Source: MIL-OSI Submissions
Friday, 23 August: Government delegates from around the world, including New Zealand, are meeting in New York for the third of four meetings at the United Nations to agree a Global Oceans Treaty that could help to protect 30% of our oceans by 2030. Greenpeace is there to hold them to account and to urge New Zealand to take a more ambitious stance than it has thus far.
Greenpeace NZ’s oceans campaigner Jessica Desmond will be in New York at the meeting, because the New Zealand delegation will play a crucial role in the negotiations.
She says “this is a unique opportunity to address one of the major issues of our time: the excessive exploitation and destruction of our oceans, and the massive loss of marine life that comes with it.”
“What happens in this meeting will set the fate of our oceans for generations to come, and it’s essential that the New Zealand delegation takes a strong stance.

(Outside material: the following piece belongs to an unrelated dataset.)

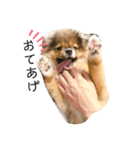 小太郎すたんぷ1（個別スタンプ：1）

So far they have lacked ambition, seeming to favour a version of the treaty which would not deliver a global network of ocean sanctuaries.
“Our oceans are facing more threats than ever before, from overfishing to oil drilling, deep sea mining to plastic pollution. We need this treaty to allow the creation of a planet-wide network of ocean sanctuaries, free from harmful human activities, helping to avoid the worst effects of the climate crisis and safeguard wildlife,” says Desmond.
Over 1,750,000 people have signed a Greenpeace petition calling on world leaders, including Jacinda Ardern, to support the creation of ocean sanctuaries across the planet, and to back the strongest Global Ocean Treaty at the UN to enable this.
Alice Revell, leader of NZ’s UN delegation, is chairing the work on the Area Based Management Tools section of the treaty, which includes ocean sanctuaries.
On the 19th August, Oscar winner actor Javier Bardem appeared in Times Square with Greenpeace to demand a “GLOBAL OCEAN TREATY NOW” as an electronic billboard displayed threatened marine life.
Later, he addressed delegates at the United Nations meeting to urge governments to agree a strong Global Ocean Treaty that could help to protect at least 30% of the world’s seas by 2030.
Greenpeace installed an ocean-inspired artwork outside the United Nations in New York. The 19 ft high sculpture of whales and turtles represents the many threats facing the oceans – from plastic pollution to oil drilling.